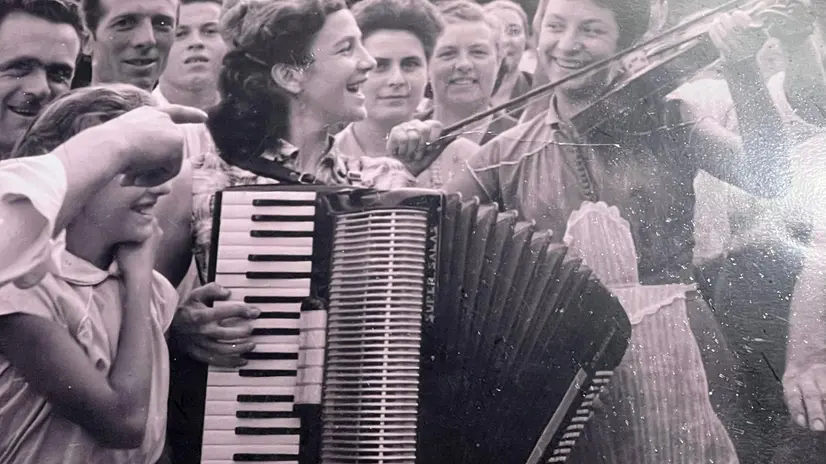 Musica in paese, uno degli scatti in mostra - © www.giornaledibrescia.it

○ ○ ○

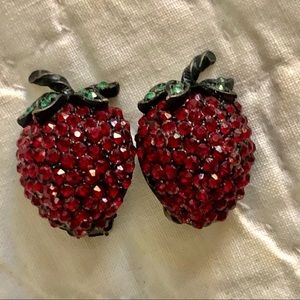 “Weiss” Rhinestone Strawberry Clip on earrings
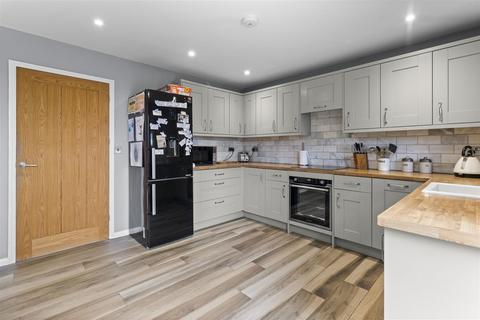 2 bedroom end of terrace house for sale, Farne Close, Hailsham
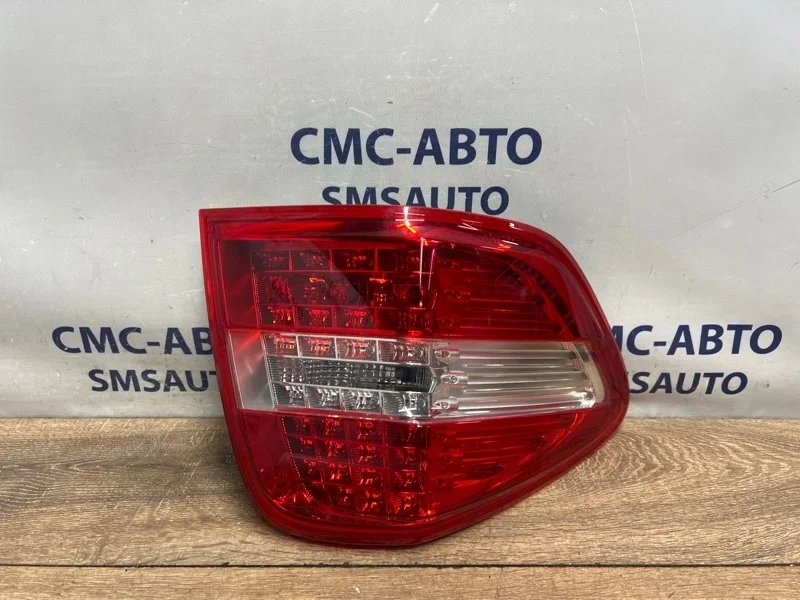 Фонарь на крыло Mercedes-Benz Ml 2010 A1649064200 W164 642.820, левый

○ ○ ○

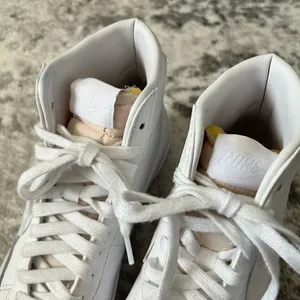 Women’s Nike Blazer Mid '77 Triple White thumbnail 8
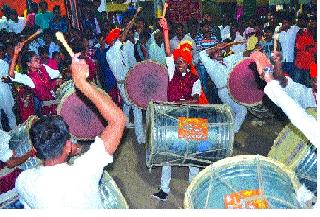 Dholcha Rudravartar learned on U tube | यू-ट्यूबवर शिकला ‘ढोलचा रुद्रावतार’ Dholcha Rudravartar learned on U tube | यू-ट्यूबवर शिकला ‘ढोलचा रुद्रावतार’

○ ○ ○

The task: Return exactly the lines that appear in the data above between the line containing "2 bedroom end" and the line containing "Фонарь на крыло", both of which are included, and leave the pictures out.

Exercise solution:
 2 bedroom end of terrace house for sale, Farne Close, Hailsham
 Фонарь на крыло Mercedes-Benz Ml 2010 A1649064200 W164 642.820, левый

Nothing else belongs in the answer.